Sony's The Equalizer 3, starring fan favourite Denzel Washington, helped boost the North American box office to a post-pandemic high over the long holiday weekend, industry watcher Exhibitor Relations reported Sunday. The vigilante action film, which closes out the Equalizer trilogy, took in an estimated $34.5 million for the Friday-through-Sunday period and $42 million when the forecast for Monday - Labor Day in the US and Canada - is included.
The film, also starring Dakota Fanning, again has Washington playing a retired US Marine and drug-enforcement agent, this time taking on a gang in southern Italy. That phenomenon of pinkness known as Barbie easily held on to the second spot for the weekend, with estimated totals of $10.6 million for three days and $13.3 million for four. The Warner Bros film now has $612 million in total domestic earnings, only the 14th movie ever to pass the $600 million mark.
In third place for the second straight weekend was DC's superhero flick Blue Beetle, at $7.3 million for three days and $6.5 million for four. Xolo Mariduena plays the Beetle. Viewers hit the brakes, however, on Sony's Gran Turismo, as last weekend's top film dropped to fourth with estimated ticket sales of $6.6 million for three days and $8.5 million for four.

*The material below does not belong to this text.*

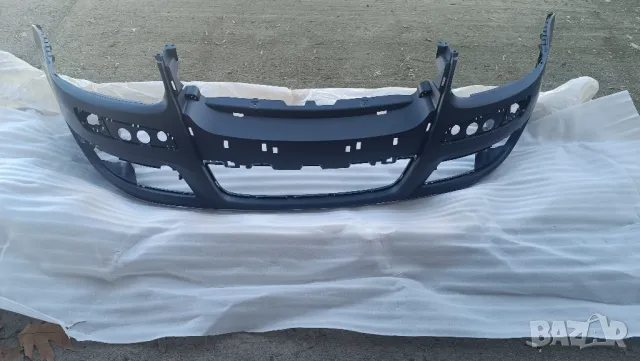 • Предна ЧИСТО НОВА GTI броня за голф 5, джета, кади, голф плюс, сеат
(Predna GTI bronq , снимка 2 - Части - 50216614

David Harbour and Orlando Bloom star in the movie about video gamers training to race real cars.
And like Barbie, the movie to which it became fortuitously hitched in viewers' minds, Oppenheimer, managed a strong showing in its seventh weekend out. Christopher Nolan's atom bomb origin story placed fifth at $5.5 million and $7.5 million.
Overall, this weekend's numbers were enough to push the domestic summer box office past $4 billion, a first in the post-pandemic era and a big jump from last summer's $3.4 billion, trade publications reported. "That’s a fantastic result and another positive step for the industry," said analyst David A Gross.
Rounding out the weekend's top 10 films were: Teenage Mutant Ninja Turtles: Mutant Mayhem ($4.8 million for three days; $6.3 million for four), Bottoms ($3 million; $3.6 million), Meg 2: The Trench ($2.9 million; $3.7 million), Strays ($2.5 million; $3.3 million) and Talk to Me ($1.8 million; $2.2 million).